HAMLET [Resenha 010/21]


Esta é uma edição inédita, distribuída com os assinantes do Clube de Literatura Clássica, a tradução consagrada de Carlos Alberto Nunes, contendo o texto, em original no inglês, para consulta (e que está repleto de notas explicativas e de vocabulário). Além deste livro com capa dura, recebemos: Um marcador de páginas dedicado ao clássico; Retrato do autor; e a obra “Rei Amleth”, de Saxo Gramatticus, editada pela primeira vez em território brasileiro e em língua portuguesa.

William Shakespeare é considerado por muitos o maior dramaturgo britânico. Apesar de soar pretensioso, principalmente para alguém que consegue atingir as massas, o título não é à toa. Shakespeare conseguiu como poucos autores, penetrar na alma humana e trazer à tona o que de mais puro, nobre, mesquinho e atroz existe. Nesta peça o britânico nos leva por uma trama de traição, morte e vingança que até hoje nos encanta e fascina.

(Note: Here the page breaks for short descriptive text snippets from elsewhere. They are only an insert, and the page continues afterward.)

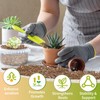 Doter Succulent & Cactus Soil Potting Mix 1qt, Chunky Dirt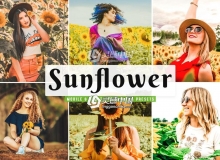 向日葵花田人像LRA预设+手机LR预设 Sunflower Lightroom Presets Pack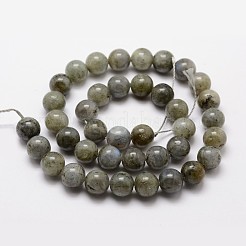 Chapelets de perles en labradorite naturelle&nbsp;G-O155-05B-4mm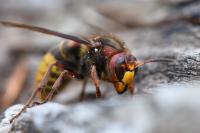 Vespa crabro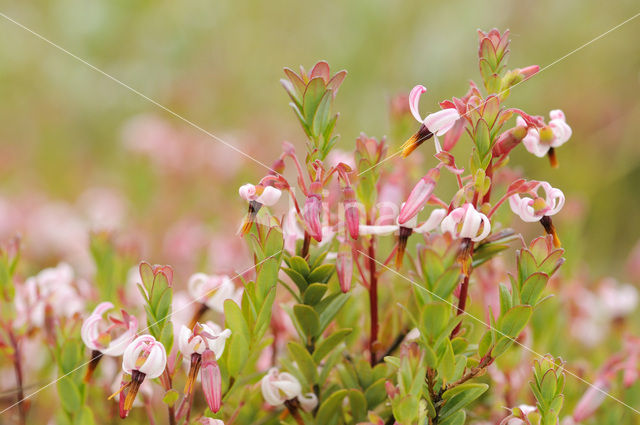 Grote Veenbes (Vaccinium macrocarpon)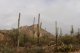 die schne Wstenstadt Phoenix mit ihrem Saguaro Kakteen-National Park
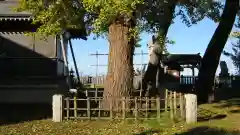 諏訪神社の建物その他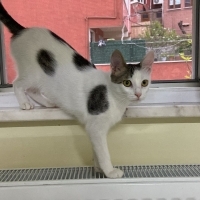 Çok tatlı akıllı yavru kız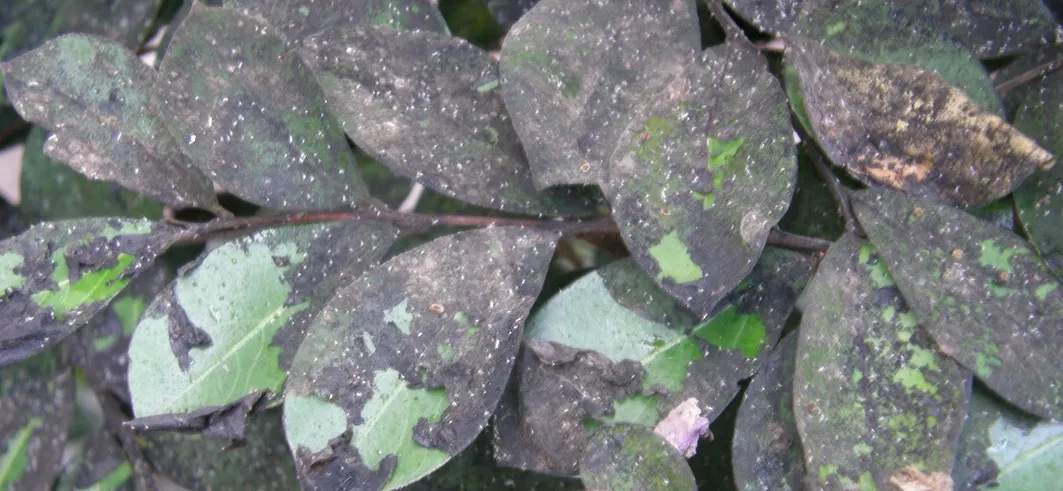 Moldy black Crape Myrtle leaves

Hamlet. Escrita naquilo que os especialistas chamam de segunda fase das obras de Shakespeare, que tem como principais temas, tragédias grandiloquentes e comédias amargas, essa fase do autor é tida por muitos como o tempo em que o mesmo usou de forma mais grandiosa seu talento. São desta fase, as peças Hamlet, Júlio César, Otelo, Macbeth, Antônio e Cleópatra.

Apesar de que muitas das coisas apresentadas por Shakespeare só serem totalmente compreendidas tendo em vista o contexto histórico na qual foram escritas, não precisa ser um perito em história para notar a sutileza de suas. Em Hamlet, dentre tantos sentimentos vividos pela psique humana, um se sobressai: vingança.

Hamlet, narra a história do personagem que dá titulo a peça em sua trajetória para vingar a morte do pai, o Rei da Dinamarca. Algum tempo após a morte do rei, o tio de Hamlet, Cláudio, casa-se com a mãe do príncipe, Gertrudes. Hamlet que não gostara da rapidez na qual as coisas ocorreram, fica mais transtornado ainda quando descobre que o pai fora envenenado pelo irmão Claudio. Hamlet fica sabendo disso através do espectro do rei morto que voltou para lhe avisar do ocorrido e suplicar que o filho o vingue.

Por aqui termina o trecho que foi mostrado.